Monthly Archives: February 2012

Garden Renovation: Day 1, Dirt Work

We have activity in the garden, finally! It seemed for most of the winter like we weren’t going to make any progress in time for planting, but we finally have gotten started. Always call before you dig!

The first thing to do was to get the extra soil from the raised beds removed.

Then all the extra dirt had to be removed down to the level where the drainage needs to be put in. They made a big pile in the middle to haul away. I wonder how long that will take?

Not very long, apparently. Only a couple of hours. It’s amazing what a skidsteer can do.

The end of Day 1! A clean slate, all ready for the drainage work to begin.

Garden Plans for 2012: Tomato Garden

I would say that of all the gardens we have planned for this year, the Tomato Garden is the most standard. We’re not doing anything too crazy this year, in large part because we wanted to choose varieties that we thought would be successful even if we get them planted late. We also are re-trying a number of varieties from last year that just didn’t have a chance to really show what they can do.

Since this raised bed is 32 feet long (8 feet longer than we have been used to), we realized that we didn’t have enough tomato cages to really make good use of that space. Hence the design you see above. We are planting half of the garden with tomato cages for support and the other half using the Florida Weave (aka Stake & Weave) system. We have chosen 8 tomato varieties, and we will plant one plant of each in both halves of the garden. This will give us the chance to really see the difference in how the plants are managed in the two systems. I don’t expect to see any yield or fruit quality differences, but it might show the pros and cons of using both systems with indeterminate and determinate tomatoes.

We tried to select varieties that are 75 days or less to maturity after transplanting, although we fudged a bit on a couple of them.

‘Valley Girl’ is a early tomato producing medium sized tomatoes that is supposed to set fruit under both heat and cold stress.

‘Country Taste’is an indeterminate hybrid “heirloom type” tomato that we tried last year with little luck. It’s supposed to be a larger tomato with great flavor.

‘Bellstar’is a determinate paste tomato that is early producing with high yields.

Martha Washington’ is a brand new hybrid “heirloom type” that boasts wider adaptability and productivity with an heirloom flavor. A little bit later producing.

The 4 heat set varieties, ‘BHN-189,’ ‘Solar Fire,’ ‘Super Sioux,’ and ‘SunMaster’ we grew last year, but we wanted to give them a better chance this year, hopefully planting them a little earlier and closer to “regular” tomato planting time. Of course, we’re also hoping for a summer that is less crazy hot!

Garden Plans for 2012: Mexican Garden

Another one of our theme gardens this year is the Mexican Garden.
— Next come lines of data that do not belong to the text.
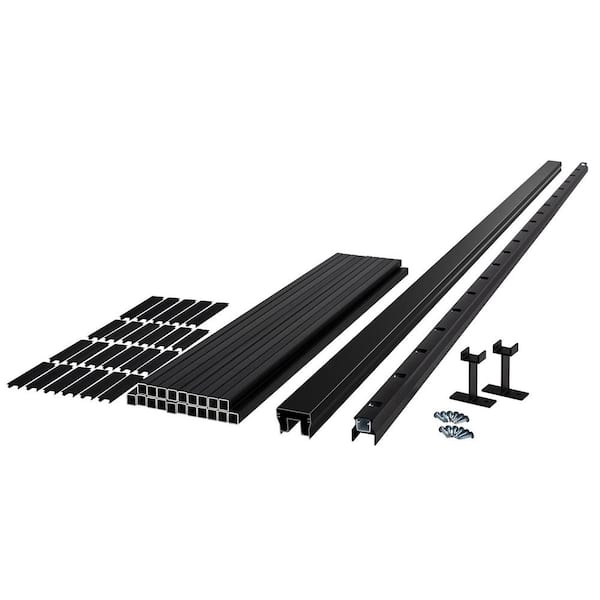 Fiberon Cityside Black Contemporary Aluminum 36 in. H x 96 in. W (Actual Size: 36 in. x 94 in.) Line Rail Kit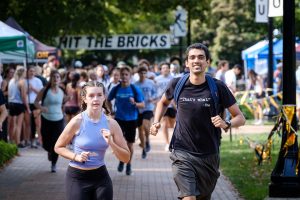 Members of the Wake Forest community participate in the annual Hit the Bricks for Brian cancer research fundraiser on Hearn Plaza on Thursday, September 30, 2021. More than 1700 people ran and walked around the quad to raise money.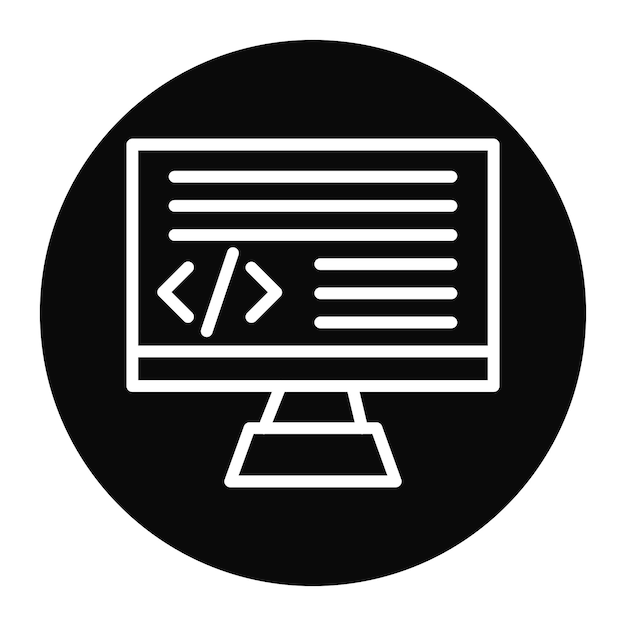 La imagen vectorial del icono de codificación se puede utilizar para la robótica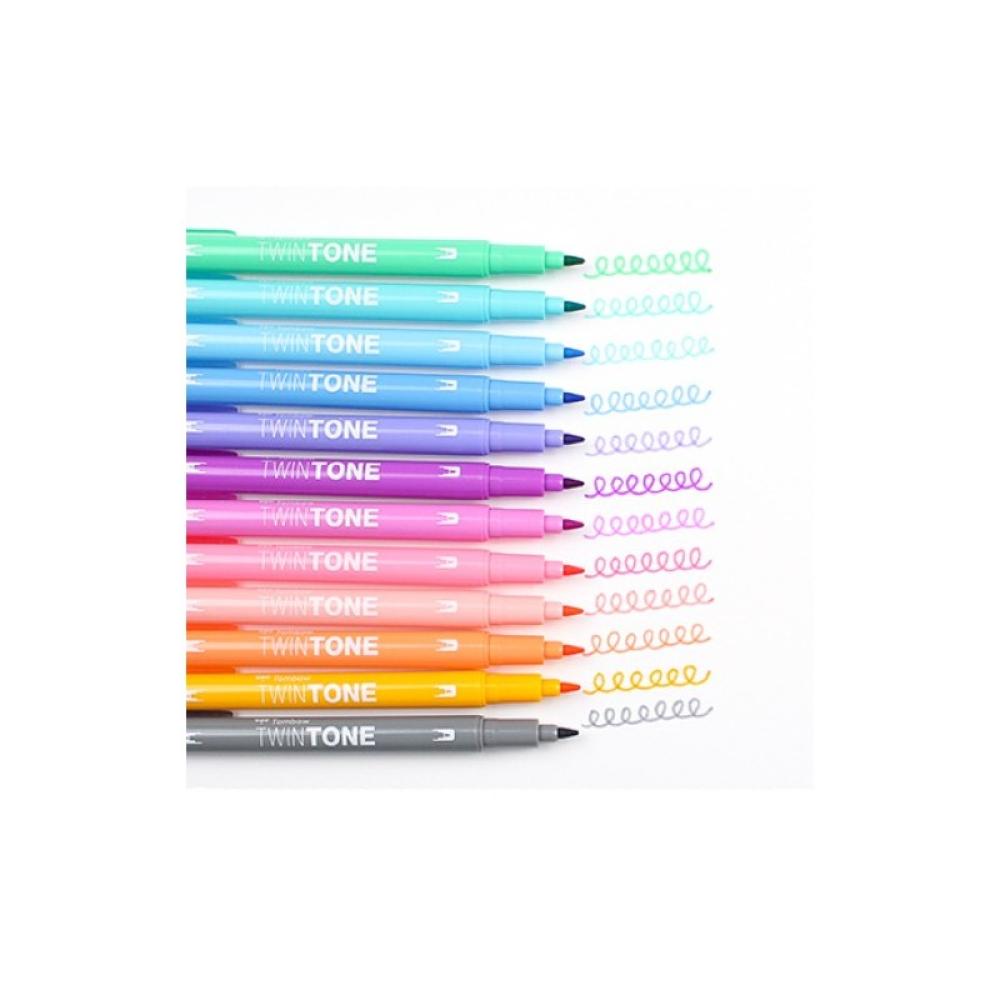 Tombow - TwinTone Pastels marcador 12 pieza(s) Punta redonda/fina Negro, Azul, Marrón, Cian, Verde, Naranja, Rosa, Rojo, Violeta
This garden is going to be a fun mix of more commonly recognized vegetables with some uncommon vegetables!

We relied heavily on Rosalind Creasy’s book, The Edible Mexican Garden, for inspiration in planning our Mexican Garden.

Starting from the left side, we of course had to put in several peppers. Since we had so many peppers last year, we didn’t want to go crazy. Still, we have 6 peppers, ranging from serrano to bell peppers. Then we have a few rows of a black bean that can be used as either a dry bean or a fresh shelling bean. With the amount of space allotted, we know that we won’t get tons of beans, but it should be enough to have fun growing them.

Of course, the herb most people associate with Mexican cooking is cilantro, because it is in salsa. Unfortunately, cilantro doesn’t like the heat here very much in the summer, so we are also growing culantro. Culantro is an herb that has a similar flavor to cilantro but much better heat tolerance. We’ll also have a Mexican Oregano plant.

Cantaloupe are also a native Mexican vegetable/fruit! We are reprising the ‘Tasty Bites’ melon from last year on a trellis, as well as giving a shot at growing jicama. Jicama is a tuber vegetable, but the plant is a huge vine. It needs a long growing season, so it will be fun to see if we get anything from it.

You might have noticed that we skipped the tomatoes in the Mexican Garden, in favor of 4 tomatillo plants. Supposedly tomatillos produce better if they have another tomatillo as a pollinator, so we decided to try a purple tomatillo (2 plants) and an large green tomatillo (2 plants).

The two zucchinis are a paler grey color, rather than a typical green or yellow on a summer squash. The ‘Ronde de Nice’ is actually a round zucchini.

All the way on the right side of the map, we have 2 plants of ‘Aztec Red’ Spinach. Don’t let the name fool you – this is not a spinach in the sense we normally use it. It is a native Mexican green called Huauzontle (or Huauzontli). It is in the same family as Lambs’ Quarter, a common weed, which is also edible. The young, tender leaves of the huauzontle are eaten, as well as the immature flower buds. This will be a fun one to experiment with on some recipes this summer!

Garden Plans for 2012: Edible Flowers

We are planning to make good use of the variety of sizes of our new raised beds by trying some different things in a small area, rather than devoting half or all of one of our old beds to them. One of the new 4′ x 4′ raised beds will have a theme of “Edible Flowers” this year.

Edible flowers are a fun subject, but the challenge that we ran into during the planning is that most of the really popular edible flowers are all cool season. In other words, since we won’t be able to plant them in March, we had to try something else. When we get to fall, we’ll be able to plant pansies, violas, nasturtiums, calendula, dianthus, snapdragons, etc. However, since we’re aiming for a planting date of mid-May, we had to focus on flowers that like warmer weather.

In the very center of the garden is an edible hibiscus, called Roselle. It is popular in southeast Asia and Mexico. The buds are used to make drinks, teas, jellies, and more.

Then we will have ‘Cardinal’ Basil, the same type we have in the “Beautiful Vegetables” garden.

On the edges will be a reblooming daylily, supplying us with edible buds. Then in the corners will be citrus marigolds and French marigolds. The citrus marigolds are sometimes called “signet” marigolds, and they have a definite citrusy scent and flavor, rather than your typical marigold odor.

Good News & Bad News

The good news is that we’ve gotten drawings for all aspects of garden renovation! We’ve also accepted a bid for the drainage and dirt work portion of the project. Hurray!

The bad news…the contractor won’t actually be able to do ANY work in the garden until it dries out. So stop hoping for rain, please.